**BRIEF**
Output the data below only from the line containing "new 2025 Lexus RX 350 car, priced at $67,351" up to and including the line containing "Mesh-Hose mit mittelhoher Taille", exact and with the pictures left out.

**SOURCE INFORMATION**
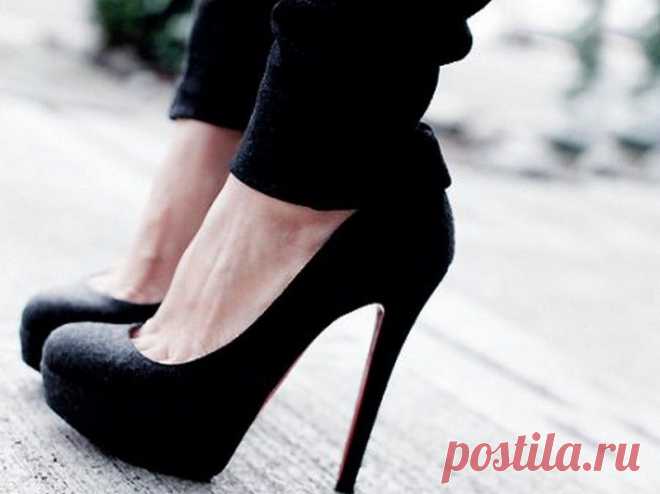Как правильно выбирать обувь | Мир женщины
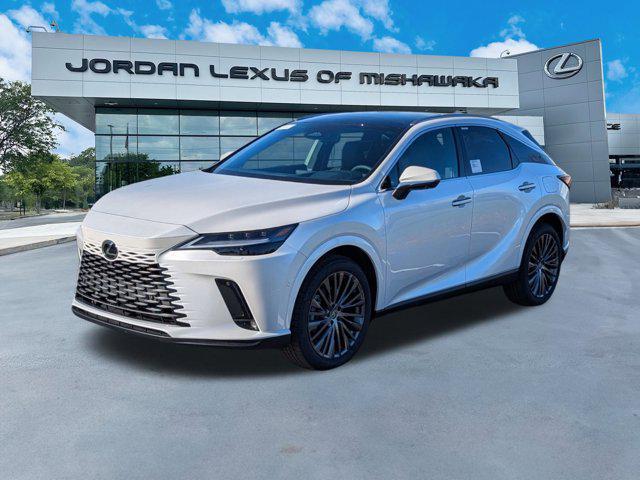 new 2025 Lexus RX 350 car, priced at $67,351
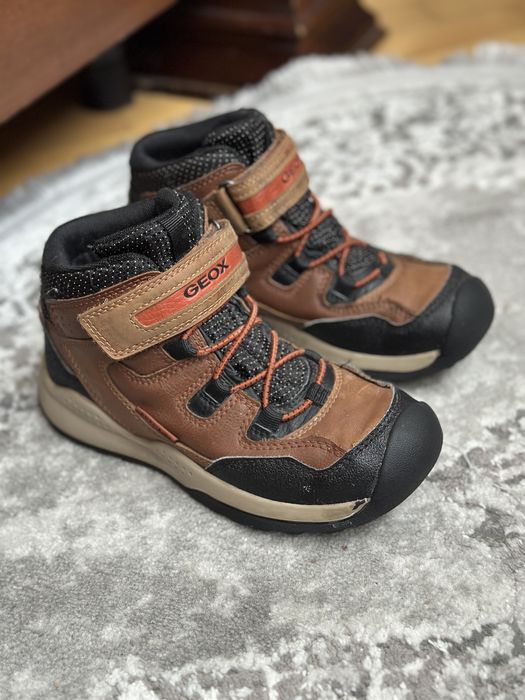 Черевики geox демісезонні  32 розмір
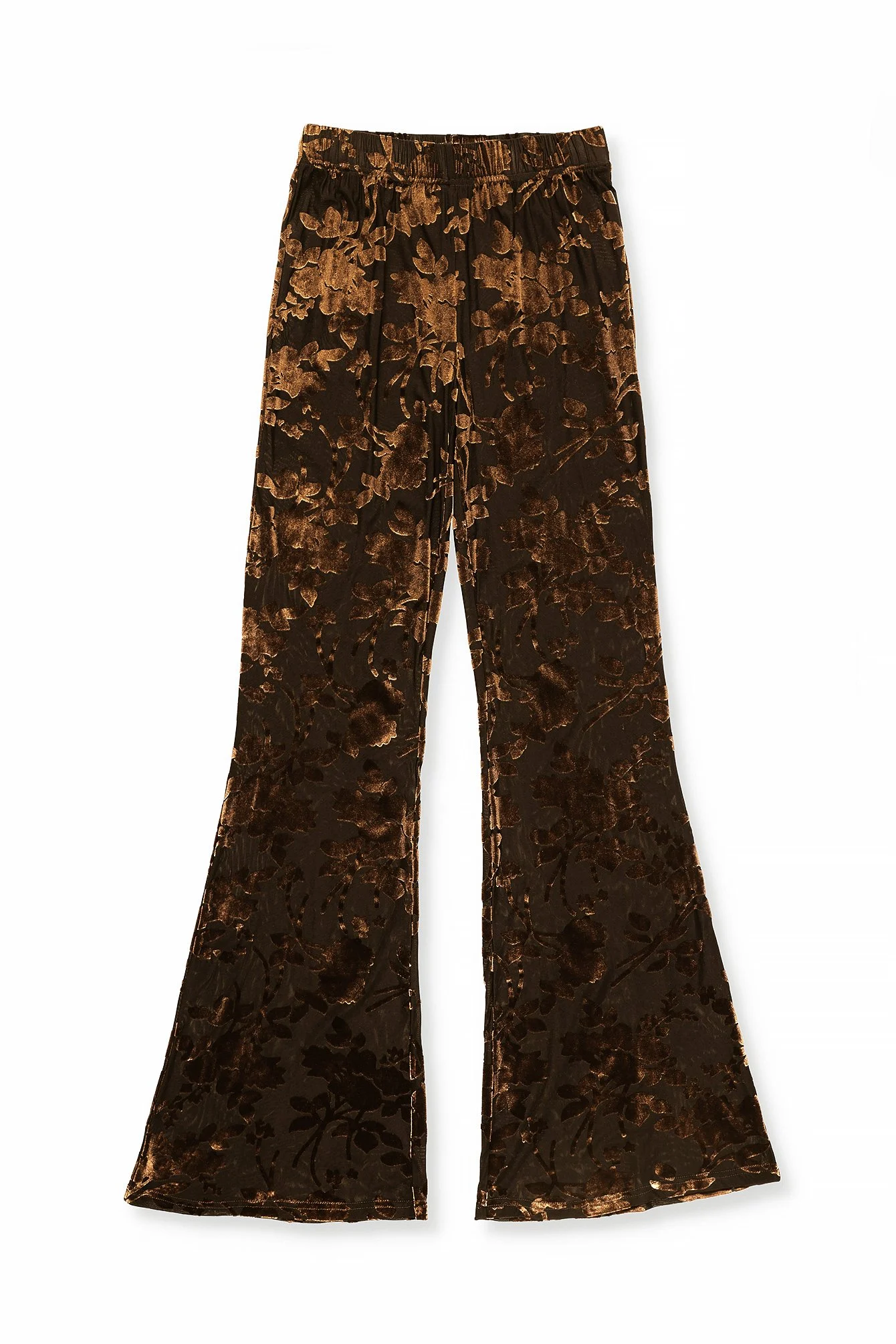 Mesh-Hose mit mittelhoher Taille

==

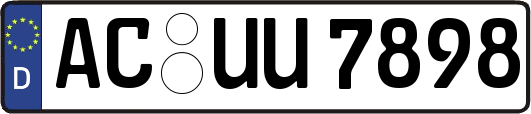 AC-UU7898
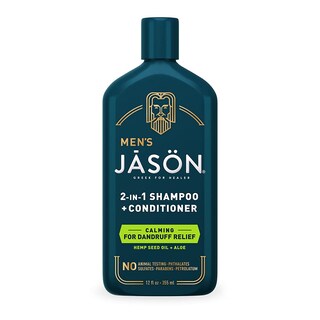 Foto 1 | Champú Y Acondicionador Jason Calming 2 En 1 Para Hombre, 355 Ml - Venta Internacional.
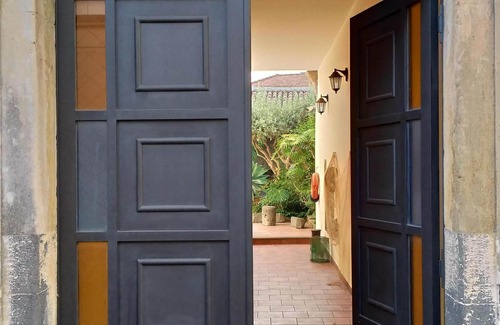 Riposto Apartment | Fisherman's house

==

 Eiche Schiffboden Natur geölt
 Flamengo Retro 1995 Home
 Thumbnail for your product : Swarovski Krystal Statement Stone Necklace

**SOLUTION FOR THIS EXERCISE**
 new 2025 Lexus RX 350 car, priced at $67,351
 Черевики geox демісезонні  32 розмір
 Mesh-Hose mit mittelhoher Taille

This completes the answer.